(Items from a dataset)

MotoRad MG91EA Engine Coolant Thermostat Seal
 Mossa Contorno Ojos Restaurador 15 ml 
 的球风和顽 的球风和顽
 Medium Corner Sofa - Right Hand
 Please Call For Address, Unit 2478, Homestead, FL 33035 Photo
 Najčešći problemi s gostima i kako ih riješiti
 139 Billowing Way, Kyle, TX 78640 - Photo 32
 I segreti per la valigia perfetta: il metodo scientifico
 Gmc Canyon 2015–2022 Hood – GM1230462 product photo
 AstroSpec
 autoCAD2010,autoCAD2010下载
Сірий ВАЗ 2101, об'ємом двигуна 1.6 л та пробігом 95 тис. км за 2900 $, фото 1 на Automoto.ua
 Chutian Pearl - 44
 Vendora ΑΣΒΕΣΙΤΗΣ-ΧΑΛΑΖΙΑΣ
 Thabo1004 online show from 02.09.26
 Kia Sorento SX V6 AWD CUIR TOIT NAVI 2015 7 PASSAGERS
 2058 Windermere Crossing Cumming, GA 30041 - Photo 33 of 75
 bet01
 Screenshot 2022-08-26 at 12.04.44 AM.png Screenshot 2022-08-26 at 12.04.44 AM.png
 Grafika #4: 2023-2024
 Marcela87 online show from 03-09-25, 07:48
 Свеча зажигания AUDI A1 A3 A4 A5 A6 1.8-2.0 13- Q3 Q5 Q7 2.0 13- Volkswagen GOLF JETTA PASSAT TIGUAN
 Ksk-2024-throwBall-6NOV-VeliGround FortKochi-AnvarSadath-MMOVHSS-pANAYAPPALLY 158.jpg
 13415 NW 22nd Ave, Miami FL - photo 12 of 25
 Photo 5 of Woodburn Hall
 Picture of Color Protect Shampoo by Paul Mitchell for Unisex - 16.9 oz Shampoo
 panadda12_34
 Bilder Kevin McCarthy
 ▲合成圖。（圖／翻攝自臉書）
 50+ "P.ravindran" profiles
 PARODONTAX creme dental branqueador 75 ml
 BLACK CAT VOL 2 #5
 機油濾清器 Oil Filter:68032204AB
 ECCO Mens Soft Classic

### WHAT THIS TASK INVOLVES
Select the lines from the entries that include the word "show".

### WRITTEN ANSWER
 Thabo1004 online show from 02.09.26
 Marcela87 online show from 03-09-25, 07:48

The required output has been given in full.